A aproximação entre Rússia e China tem se intensificado nos últimos anos e tem como pano de fundo a relação de Moscou e o Ocidente, em particular os EUA, que vêm classificando diretamente a Rússia e a China como seus principais oponentes no cenário mundial, exercendo forte pressão política e econômica. É o que afirma o cientista político Khalatyan Hayk em entrevista ao Brasil de Fato, destacando que, “afinal, Moscou e Pequim lutam por um mundo multipolar, que ameaça o status dos Estados Unidos como potência e líder mundial”.

“É por isso que as posições de Moscou e Pequim são próximas em tantos assuntos da agenda internacional, e naquelas questões em que os países tradicionalmente assumem uma posição diferente, eles se abstêm de críticas abertas à política do parceiro”, argumenta.

O cientista político cita como exemplo o fato de que a China, que tradicionalmente defende o princípio da integridade territorial, não considerando a independência de Taiwan, Tibete e dos Uigures, mas se abstém de criticar a Rússia por ações como de incorporar a Crimeia ao seu território e de defender separatistas de Donbass – no leste ucraniano – e da Abecásia e Ossétia do Sul – na Geórgia.

Neste caso, o que une a Rússia e a China é a oposição às “revoluções coloridas”, termo atribuído a manifestações políticas de caráter pró-EUA que ocorreram no território das ex-repúblicas soviéticas. Este foi outro ponto destacado na declaração conjunta de Putin e Xi Jinping. No comunicado russo-chinês, foi ressaltada a necessidade de combater “interferências de forças externas nos assuntos internos de países soberanos sob qualquer pretexto".

Um exemplo recente e concreto deste alinhamento foi a onda de protestos que que eclodiu no Cazaquistão, país que faz fronteira tanto com a Rússia quanto com a China, em janeiro deste ano.
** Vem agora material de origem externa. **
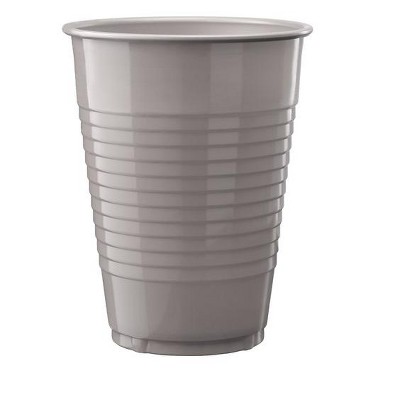 Clear Disposable Cup - 16 Fl Oz - 50ct - Smartly™ : Target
Na ocasião, a diplomacia chinesa apoiou a incursão da Organização do Tratado de Segurança Coletiva (OTSC), liderada pela Rússia, para controlar os distúrbios no país. A rápida ação militar da organização foi vista como uma demonstração de força em oposição à influência da Otan.


Blindado da Organização do Tratado de Segurança Coletiva no Cazaquistão / AFP

Nova ordem mundial?

Classificada por Putin e Xi como uma parceria estratégica que "não tem limites", a aproximação entre os dois países pode não só consolidar uma cooperação bilateral, mas redesenhar o equilíbrio de forças no cenário internacional.
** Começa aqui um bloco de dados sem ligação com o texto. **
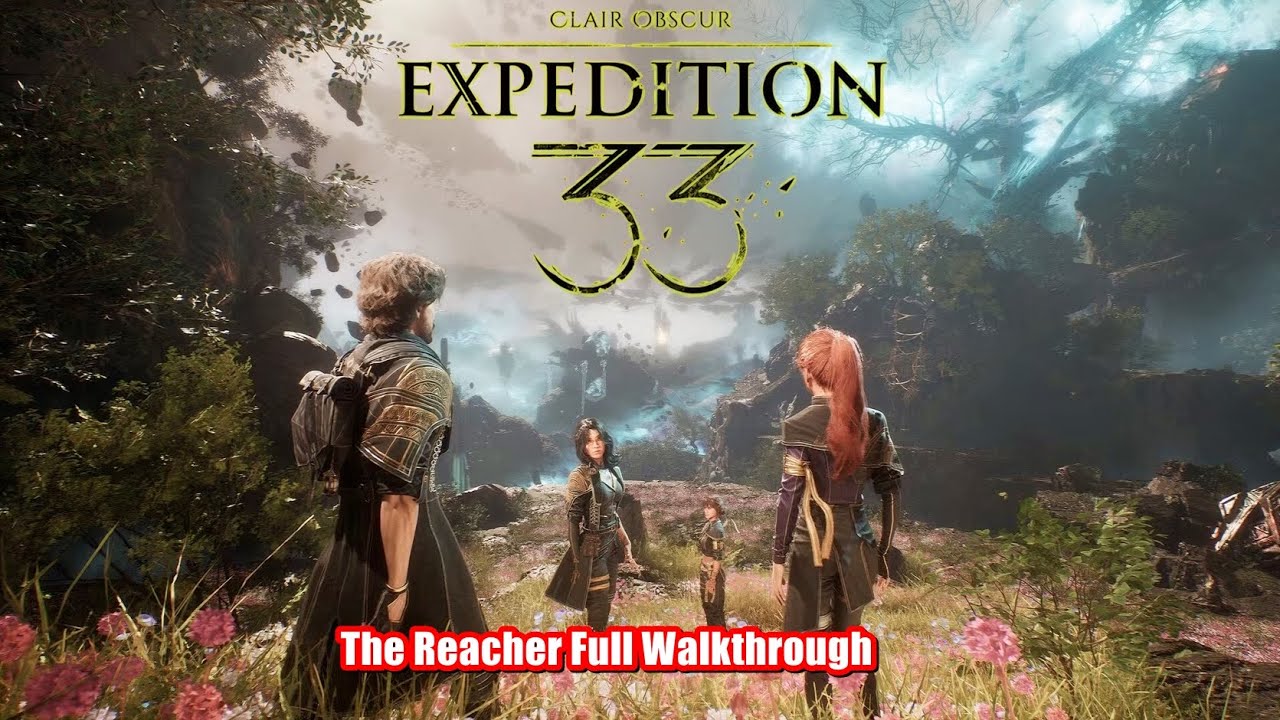 The Reacher Full Walkthrough | Clair Obscur Expedition 33 PS5 Pro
Na medida em que Moscou pode receber sanções mais duras do Ocidente contra setores de sua economia por conta da crise na Ucrânia, uma reorientação para o Oriente parece uma saída estratégica a fim de estabelecer uma sólida aliança para antagonizar os EUA e, em extensão, a Otan.

O professor de Relações Internacionais da Universidade Estatal do Extremo Oriente, Andrey Gubin, em entrevista ao Brasil de Fato, lembra que, ainda sob a presidência de Donald Trump, os EUA publicaram a sua versão da estratégia nacional de defesa, que classificava a Rússia e a China como países revisionistas, cujo objetivo no cenário internacional seria derrubar a hegemonia global norte-americana. Gubin diz que isso naturalmente justifica a tese estadunidense de que a “Rússia e a China estariam se unindo contra o Ocidente, contra os EUA”.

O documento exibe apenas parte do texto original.